Opportunities to buy such historic paintings are rare. The Webber painting in London's National Maritime Museum, for instance, has been owned by the British people since it was painted. The same goes for much of the work of William Hodges, who accompanied Cook on his second voyage to the Pacific.
"It is a coup, absolutely," says Brownson. "This was a rare moment where an 18th century Pacific work, a portrait, could be made available."
In the 1950s the Government missed out on acquiring as a gift the collection of expatriate New Zealander Rex Nan Kivell, an art dealer based in London. His private collection was a treasure trove of 1600 drawings and paintings, 3000 prints plus maps, books, manuscripts and artefacts which covered all three Cook voyages, as well as other pre-1840 New Zealand material.

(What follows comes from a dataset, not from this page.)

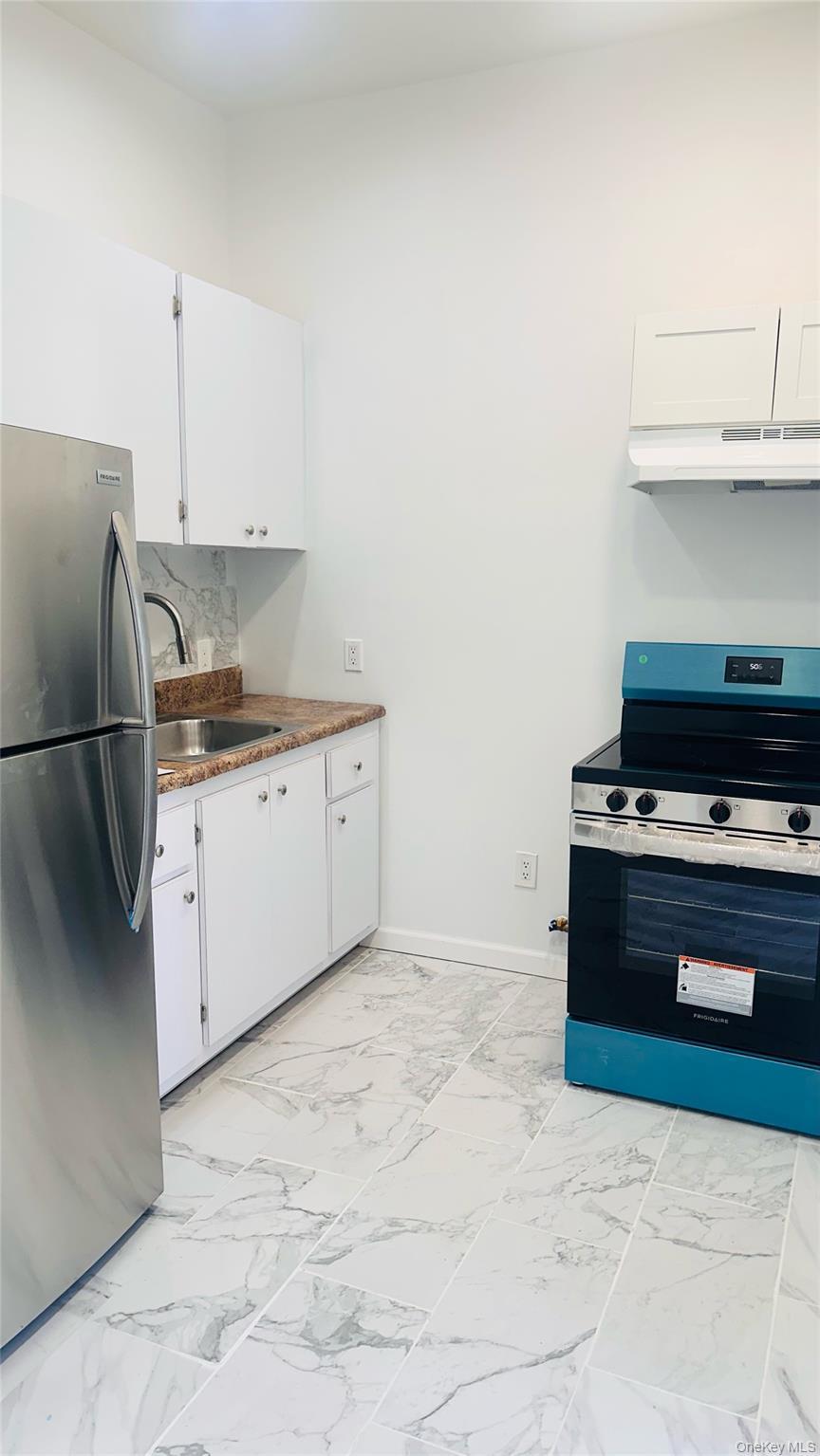 Apartment Eldert  Brooklyn, NY 11208, MLS-976704-6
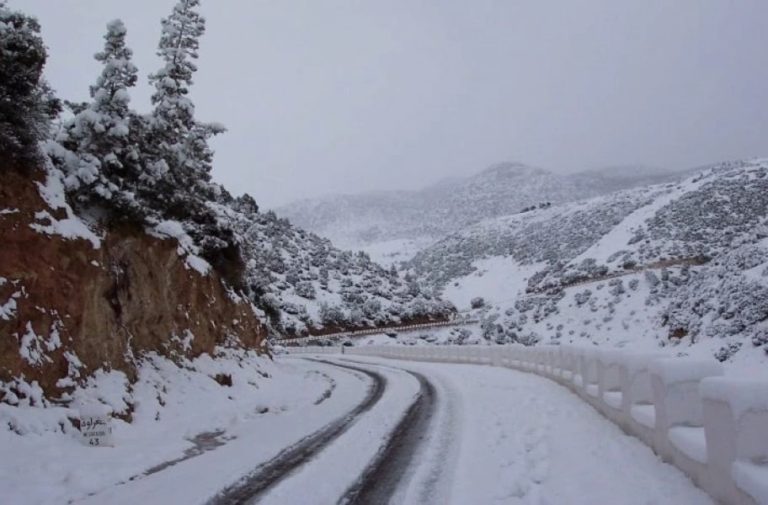 موجة برد وتساقطات ثلجية مرتقبة من الأربعاء إلى السبت المقبل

That, points out art historian Hamish Keith, is all now in the national collections of Australia, including the version of Poedua in Canberra. In fact, most of the images of our earliest European contacts are in either Australian or British museums.
That, along with the rarity of opportunity, are reasons why Keith describes Poedua as "a marvellous acquisition to the national collections".
"Along with the two other Webbers the gallery owns we now have at least a glimpse of Cook's third and fatal voyage. Works of this period in private hands are few, so the chance to acquire one is close to miraculous."
As for cost: "With works as important to our history as this, price is meaningless and its provenance suggests that this might be the original version." (Art historian Bernard Smith has suggested the version in London is the original.)
Keith adds that he thinks Webber was one of the better of Cook's various painters and rates his Cook portrait "the most honest there is".
The portrayal of Poedua may be a case of realism and metaphor. She wears the ivory tapa Tahiti was known for - samples of which Cook took home. Webber shows tatau - the traditional Tahitian tattooing - on her arms most clearly in Te Papa's version, and she is holding a fly whisk, a sign of nobility. And there is sex appeal.
"A winsome dark-eyed light-skinned beauty with a shy smile, " Margaret Jolly writes of Poedua in a recent book about sexuality and Cook's voyages, while Harriet Guest suggests the representation of Pacific females represented "libidinous abandon" against the European middle-class values of restraint.
Te Papa's Poedua, it is suggested, represents all that the Europeans found alluring about Tahiti.
"I think it is an erotic painting," says Brownson. "And isn't that wonderful, that New Zealand can acquire something that is so important historically and is very directly giving an 18th century perspective of desire."
The painting is very important for the Pacific says Victoria University art history lecturer Roger Blackley. "The delights of Tahiti were legendary for the seaman who had been deprived of decent food and female company. Tahiti had this amazing reputation as a place of free love and ... the painting captures that whole mystique."
New Zealand's colonial history is bound up in Cook's voyages and if the country wants a representation of that and sees itself as an important part of Polynesia, then Blackley suggests buying Poedua was a good idea.
The painting is to go on display at Te Papa for a short time before undergoing conservation work expected to take several months.